* What you need to do
All lines in the records below from the line with "Snapshot of miss_hikikomori" through the line with "601 / 1 Village" are to be given again exactly, both ends included; the pictures are to be left out.

** Excerpted data follows **

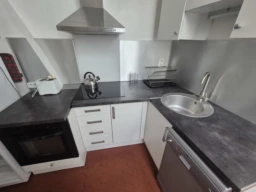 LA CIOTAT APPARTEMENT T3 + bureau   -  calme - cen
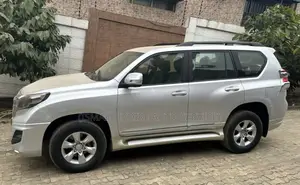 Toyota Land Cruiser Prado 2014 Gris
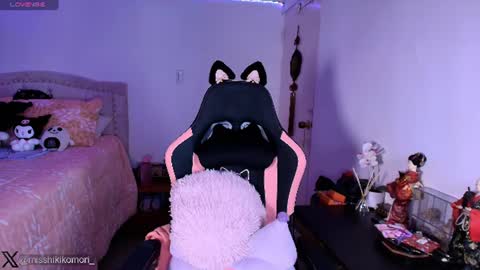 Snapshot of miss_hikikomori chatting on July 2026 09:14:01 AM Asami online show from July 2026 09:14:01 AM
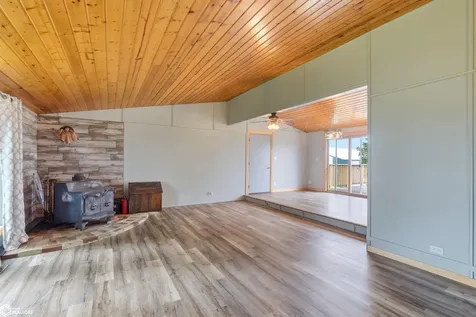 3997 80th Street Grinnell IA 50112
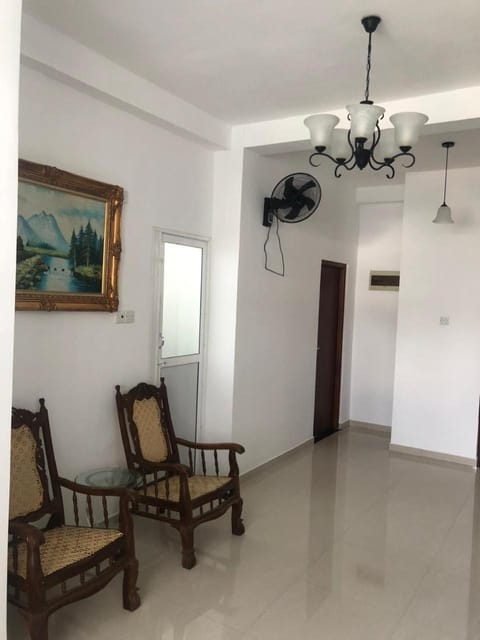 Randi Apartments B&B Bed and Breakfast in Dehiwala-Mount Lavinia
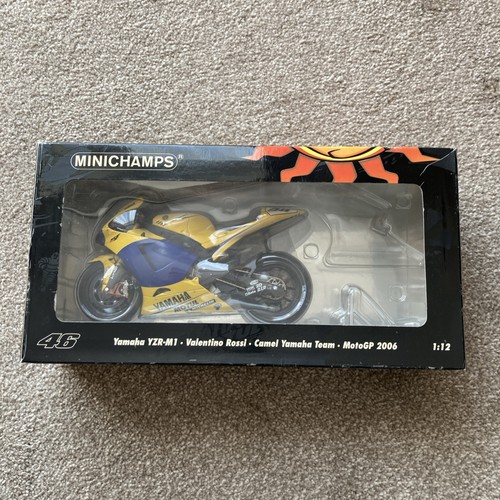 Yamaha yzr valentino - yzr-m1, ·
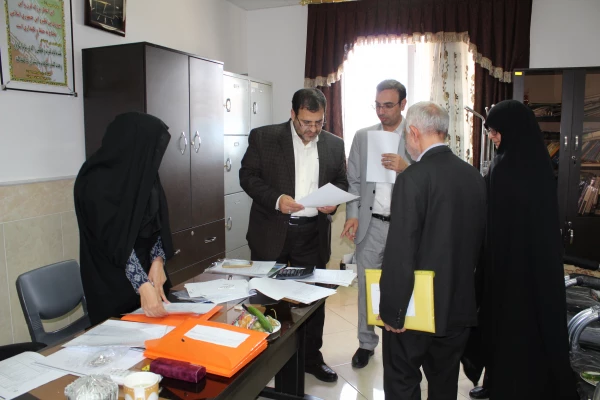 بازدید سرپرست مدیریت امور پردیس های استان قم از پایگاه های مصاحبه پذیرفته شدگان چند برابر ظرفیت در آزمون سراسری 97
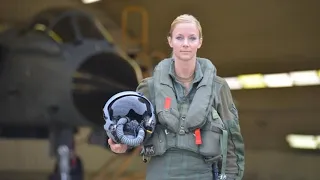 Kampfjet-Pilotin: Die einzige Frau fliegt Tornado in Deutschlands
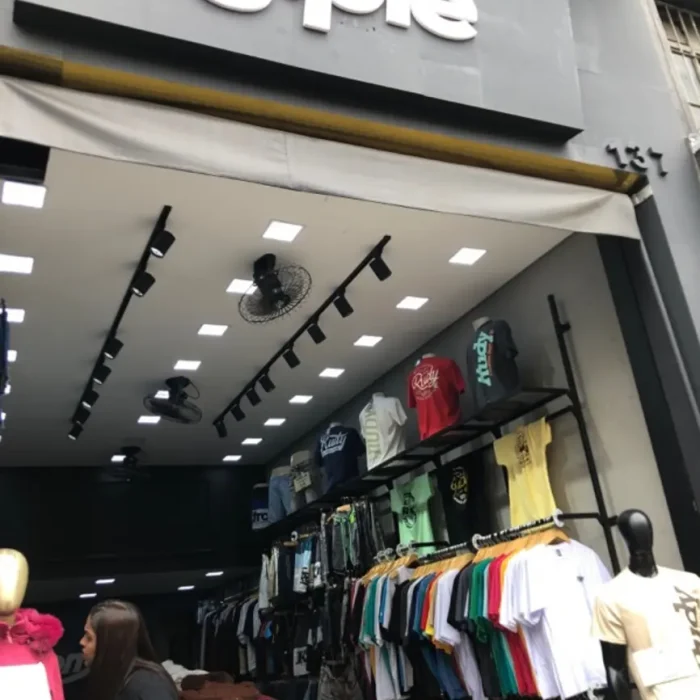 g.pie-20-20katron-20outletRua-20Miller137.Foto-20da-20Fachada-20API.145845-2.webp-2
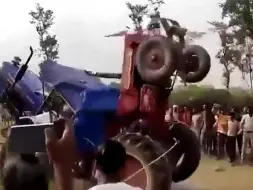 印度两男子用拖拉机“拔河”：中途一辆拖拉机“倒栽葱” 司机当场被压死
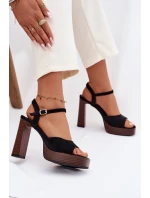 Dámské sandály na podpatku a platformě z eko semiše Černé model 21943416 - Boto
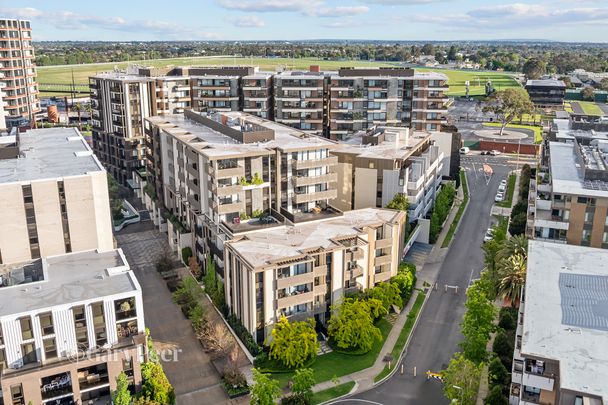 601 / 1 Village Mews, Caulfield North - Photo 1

** End of Excerpted data **
** Excerpted data follows **

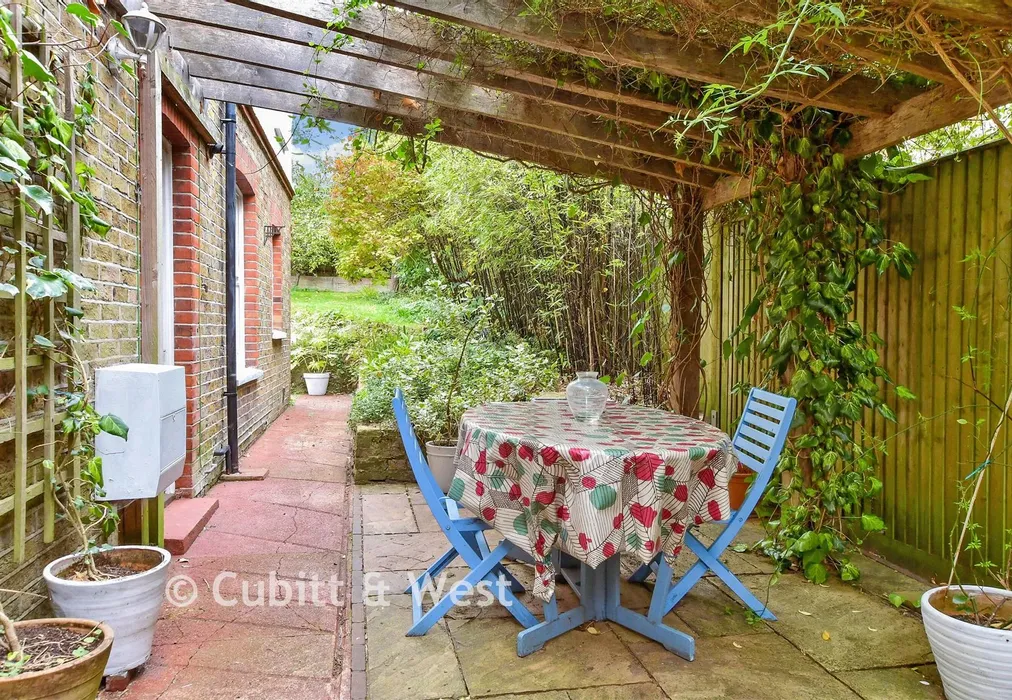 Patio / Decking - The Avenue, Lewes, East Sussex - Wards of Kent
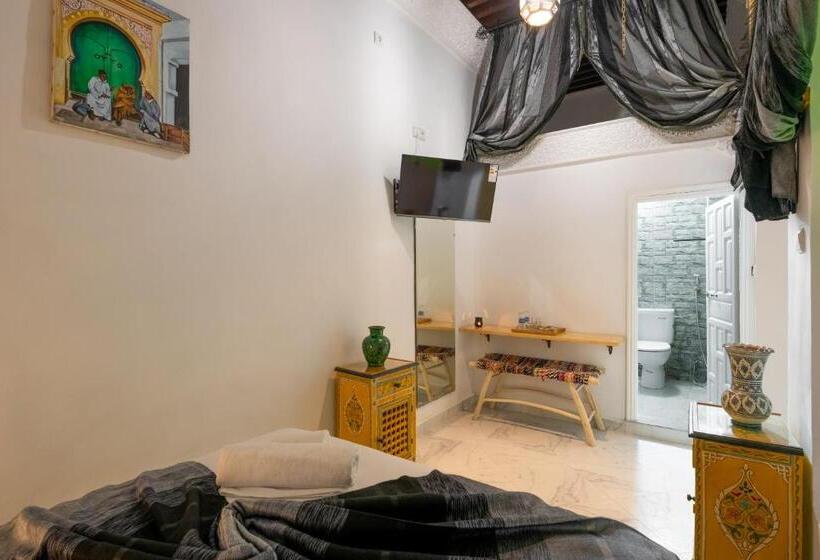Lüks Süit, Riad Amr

** End of Excerpted data **

* Solution
 Snapshot of miss_hikikomori chatting on July 2026 09:14:01 AM Asami online show from July 2026 09:14:01 AM
 3997 80th Street Grinnell IA 50112
 Randi Apartments B&B Bed and Breakfast in Dehiwala-Mount Lavinia
 Yamaha yzr valentino - yzr-m1, ·
 بازدید سرپرست مدیریت امور پردیس های استان قم از پایگاه های مصاحبه پذیرفته شدگان چند برابر ظرفیت در آزمون سراسری 97
 Kampfjet-Pilotin: Die einzige Frau fliegt Tornado in Deutschlands
 g.pie-20-20katron-20outletRua-20Miller137.Foto-20da-20Fachada-20API.145845-2.webp-2
 印度两男子用拖拉机“拔河”：中途一辆拖拉机“倒栽葱” 司机当场被压死
 Dámské sandály na podpatku a platformě z eko semiše Černé model 21943416 - Boto
 601 / 1 Village Mews, Caulfield North - Photo 1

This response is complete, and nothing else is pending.